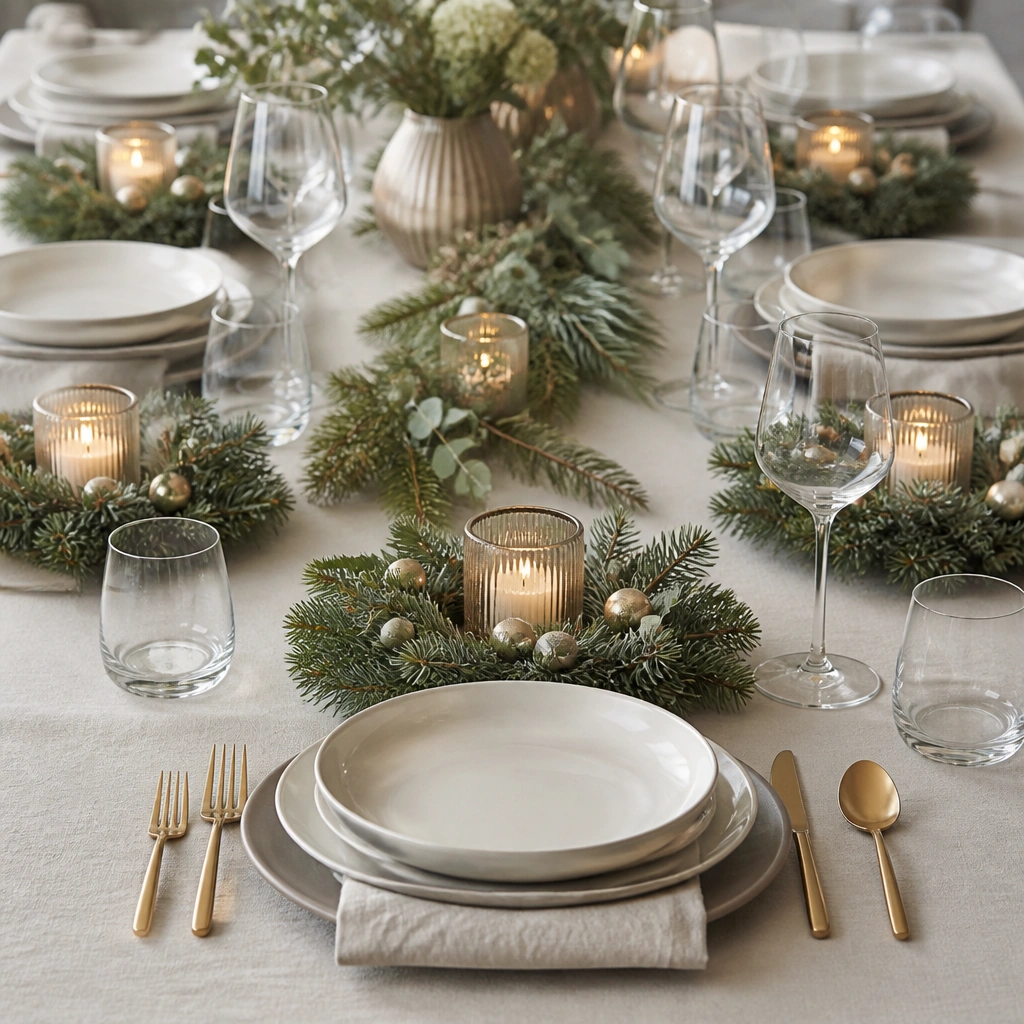 Small wreath-like rings placed as bases under each cluster of place settings, with evergreen and tiny ornaments, plus a single candle or mini vase on top.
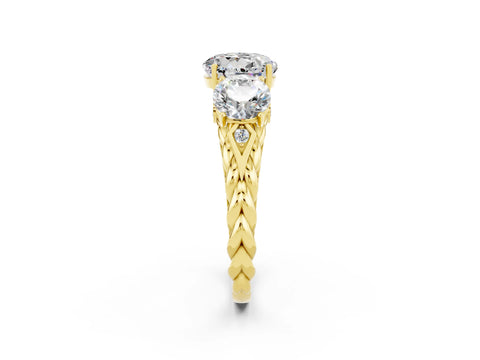 Yellow gold Three-Stone Round Cut Moissanite Braided Band Ring with Four-Prong Setting_14
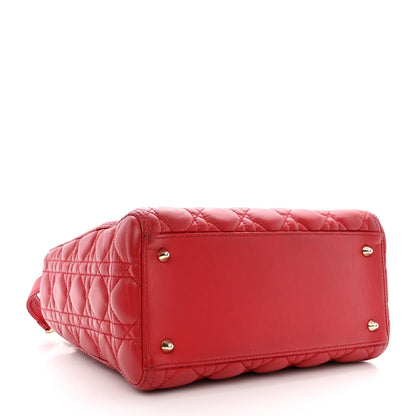 Christian Dior Lambskin Cannage Medium Lady Dior Red 4 of 10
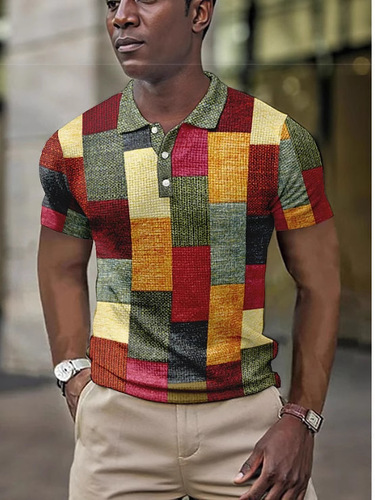 European and American Independence Station 3D digital pattern men's lapel short-sleeved casual trend hot selling POLO pullover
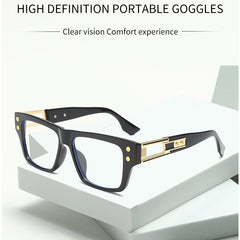 Retro Rivet Jelly Square Frame Computer Glasses
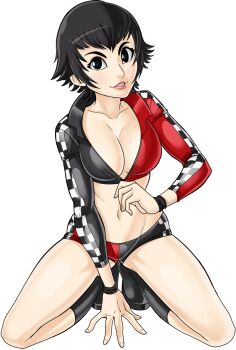 alternate_hairstyle black_hair breasts cleavage cleft_of_venus clothes_pull dead_or_alive gluteal_fold highres kneeling large_breasts looking_at_viewer midriff navel pai_chan shirt_pull short_hair short_shorts shorts teevo thighs transparent_background virtua_fighter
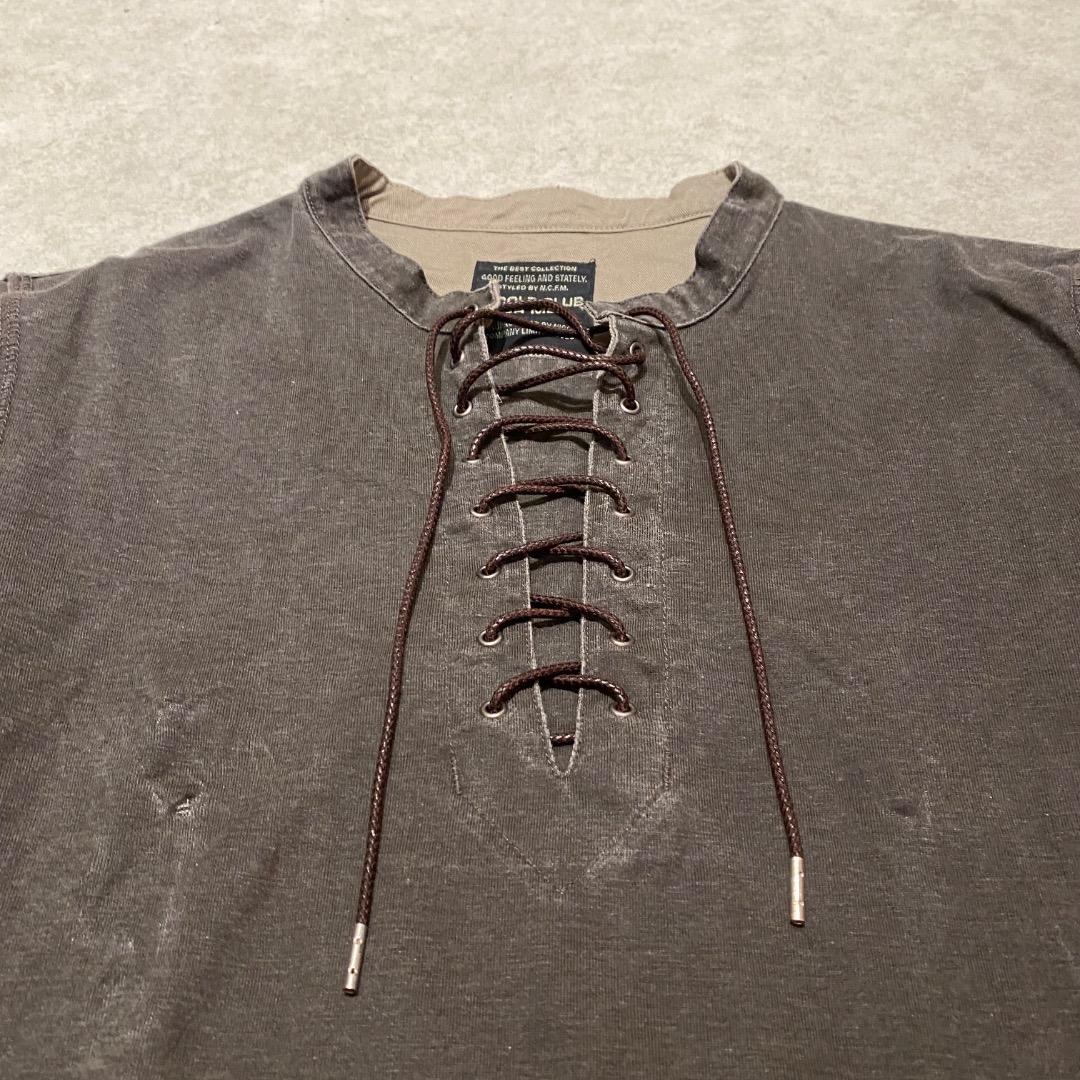 NICOLE CLUB ネオお兄系 ギャル男 y2k 編み上げネック ロンT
▬▬▬
Give the records again exactly, minus the pictures.

 Small wreath-like rings placed as bases under each cluster of place settings, with evergreen and tiny ornaments, plus a single candle or mini vase on top.
 Yellow gold Three-Stone Round Cut Moissanite Braided Band Ring with Four-Prong Setting_14
 Christian Dior Lambskin Cannage Medium Lady Dior Red 4 of 10
 European and American Independence Station 3D digital pattern men's lapel short-sleeved casual trend hot selling POLO pullover
 Retro Rivet Jelly Square Frame Computer Glasses
 alternate_hairstyle black_hair breasts cleavage cleft_of_venus clothes_pull dead_or_alive gluteal_fold highres kneeling large_breasts looking_at_viewer midriff navel pai_chan shirt_pull short_hair short_shorts shorts teevo thighs transparent_background virtua_fighter
 NICOLE CLUB ネオお兄系 ギャル男 y2k 編み上げネック ロンT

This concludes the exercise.